● Task objective:
Could you return, exactly as written, only the lines from the one holding "Engine Oil Pan - image 2" through the final line of the records below?

Record set section start

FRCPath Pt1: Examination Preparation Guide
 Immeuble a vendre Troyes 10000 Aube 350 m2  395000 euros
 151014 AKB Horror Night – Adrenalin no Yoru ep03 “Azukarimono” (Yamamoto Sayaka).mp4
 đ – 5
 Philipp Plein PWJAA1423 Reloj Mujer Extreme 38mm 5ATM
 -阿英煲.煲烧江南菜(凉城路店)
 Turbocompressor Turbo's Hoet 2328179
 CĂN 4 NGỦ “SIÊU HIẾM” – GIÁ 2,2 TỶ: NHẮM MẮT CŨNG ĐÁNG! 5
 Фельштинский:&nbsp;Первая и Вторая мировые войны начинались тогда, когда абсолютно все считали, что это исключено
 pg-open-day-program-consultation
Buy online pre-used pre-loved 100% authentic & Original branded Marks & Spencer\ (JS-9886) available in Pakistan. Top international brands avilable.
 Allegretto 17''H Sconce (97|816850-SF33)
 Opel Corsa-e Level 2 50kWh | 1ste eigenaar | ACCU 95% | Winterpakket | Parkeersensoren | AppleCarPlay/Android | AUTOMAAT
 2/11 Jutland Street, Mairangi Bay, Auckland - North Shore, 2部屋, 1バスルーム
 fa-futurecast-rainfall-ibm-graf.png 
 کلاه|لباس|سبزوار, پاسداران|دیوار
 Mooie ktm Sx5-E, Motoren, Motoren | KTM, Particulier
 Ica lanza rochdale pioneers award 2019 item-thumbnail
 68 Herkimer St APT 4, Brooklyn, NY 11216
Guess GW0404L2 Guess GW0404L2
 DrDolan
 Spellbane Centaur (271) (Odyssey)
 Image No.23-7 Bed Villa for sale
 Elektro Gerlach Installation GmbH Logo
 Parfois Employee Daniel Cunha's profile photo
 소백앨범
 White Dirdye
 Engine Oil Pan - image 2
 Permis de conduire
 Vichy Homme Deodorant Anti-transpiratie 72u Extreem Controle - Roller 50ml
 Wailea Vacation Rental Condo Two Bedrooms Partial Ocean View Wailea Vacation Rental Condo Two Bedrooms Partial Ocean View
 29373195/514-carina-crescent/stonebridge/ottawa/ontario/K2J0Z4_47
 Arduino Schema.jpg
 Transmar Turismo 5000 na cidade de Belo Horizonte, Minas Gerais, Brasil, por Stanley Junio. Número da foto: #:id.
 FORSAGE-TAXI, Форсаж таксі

Record set section end

● Finished task:
 Engine Oil Pan - image 2
 Permis de conduire
 Vichy Homme Deodorant Anti-transpiratie 72u Extreem Controle - Roller 50ml
 Wailea Vacation Rental Condo Two Bedrooms Partial Ocean View Wailea Vacation Rental Condo Two Bedrooms Partial Ocean View
 29373195/514-carina-crescent/stonebridge/ottawa/ontario/K2J0Z4_47
 Arduino Schema.jpg
 Transmar Turismo 5000 na cidade de Belo Horizonte, Minas Gerais, Brasil, por Stanley Junio. Número da foto: #:id.
 FORSAGE-TAXI, Форсаж таксі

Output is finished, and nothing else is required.